SEARS, Chief Justice.

After Harold Upchurch submitted the successful bid at a judicial sale, the receiver who conducted the sale moved the trial court to confirm it. The trial court refused to confirm the sale, however, stating that the appellees’ confusion regarding the acceptable method of payment at the judicial sale rendered the sale invalid. Upchurch appeals. Because the evidence shows that the sale was properly and fairly held, and that any purported confusion resulted from the appellees’ own failure to adequately prepare for the sale, and did not affect the results of the sale, the trial court abused its discretion by refusing to confirm it. Accordingly, we reverse.

When this matter appeared before this Court previously, we affirmed the trial court’s decision to order an equitable partition and judicial sale of the disputed property.1 After being properly advertised in the county’s legal organ,2 the judicial sale was conducted on the Harris County courthouse steps on August 2, 2005, the first Tuesday of the month.3 The receiver announced the terms of the sale, and that the winning bid could be submitted by cash, cashier’s check, or certified check, but not by personal check. Appellees voiced no objection at that time. The appellees’ highest bid was $241,000. Upchurch submitted the ultimately successful bid of $245,000, which he paid by a cashier’s check that had been issued by a local bank insured by the Federal Deposit Insurance Corporation.
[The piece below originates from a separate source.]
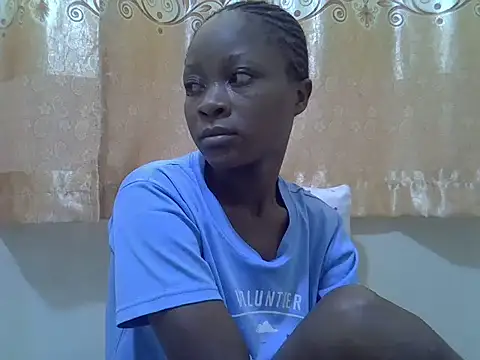 Prettie_maya48 webcam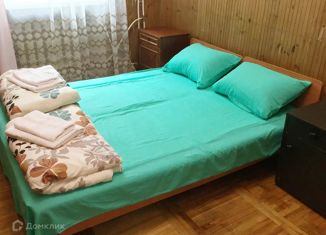 Сдается в аренду комната, 40 м2, Крым, переулок Батурина, 4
The receiver then filed a motion to confirm the sale. In spite of the fact that the sale complied with the statutory requirements for a judicial sale,4 the appellees objected, claiming that they believed that the trial court’s order that the sale be conducted “for cash” meant that only hard currency, rather than a cashier’s check, would be acceptable as payment. The trial court ordered that the sale be set aside.5

If the appellees suffered from any confusion concerning the sale, however, it resulted from their own failure to adequately prepare for the sale. The trial court’s order that the sale would be conducted “for cash” was plainly meant to distinguish the sale from one conducted “for credit,” not to require the successful bidder to tender actual hard currency.6 OCGA § 9-13-166 plainly states that the winning bid in a *892“for cash” judicial sale can be tendered by cash, certified check, or cashier’s check. The important feature of a “for cash” judicial sale is not the tender of actual hard currency, but rather the tender of immediately available funds instead of the mere promise of future payment. The cashier’s check tendered by Upchurch, as distinguished from an unacceptable personal check, reflected the fact that Upchurch had sufficient funds immediately available to cover the payment.
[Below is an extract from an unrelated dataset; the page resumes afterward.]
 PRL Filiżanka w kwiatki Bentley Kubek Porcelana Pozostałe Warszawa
Decided September 18, 2006. Funderburk, Day & Lane, Bradford C. Dodds, for appellant. Jesse L. Young, Meacham, Earley & Jones, Karen D. Earley, for appellees.

The plain purpose of OCGA § 9-13-166, then, is to recognize the obvious impracticality of forcing a bidder in a “for cash” sale to tender a briefcase full of money on the courthouse steps. In this context, the cashier’s check tendered by Upchurch was the statutory and functional equivalent of a cash payment. Because of the plain language and purpose of OCGA § 9-13-166, the appellees should have suffered from no confusion.

Moreover, the appellees’ own statements show that they were not harmed by their alleged confusion regarding the method of payment. At the motion to confirm the sale, appellees testified that they did not have any more cash available than their highest bid of $241,000.7 Thus, they could not have obtained a cashier’s check for any more than that amount, and any confusion regarding the appropriate method of payment made no difference in the outcome of the sale.

Because the judicial sale was properly conducted, and the appel-lees’ alleged confusion resulted from their own failure to diligently prepare for the sale and, in any event, had no effect on the sale, the trial court abused its discretion in refusing to confirm the sale. Accordingly, we reverse.

Judgment reversed.

All the Justices concur.

Chaney v. Upchurch, 278 Ga. 515 (603 SE2d 255) (2004).

OCGA§ 9-13-140 (a).

OCGA§ 9-13-161 (a).

OCGA § 9-13-140 et seq.

OCGA§ 9-13-172.

See, e.g., McLendon v. Harrell, 67 Ga. 440, 443 (1881) (“cash, not credit, is that which the law requires [the Sheriff] to exact from every bidder.”).

Interestingly, appellees also testified at the hearing that they brought no cash to the sale, in spite of the fact that they submitted a high bid of $241,000 while purportedly believing that only cash would be an acceptable form of payment.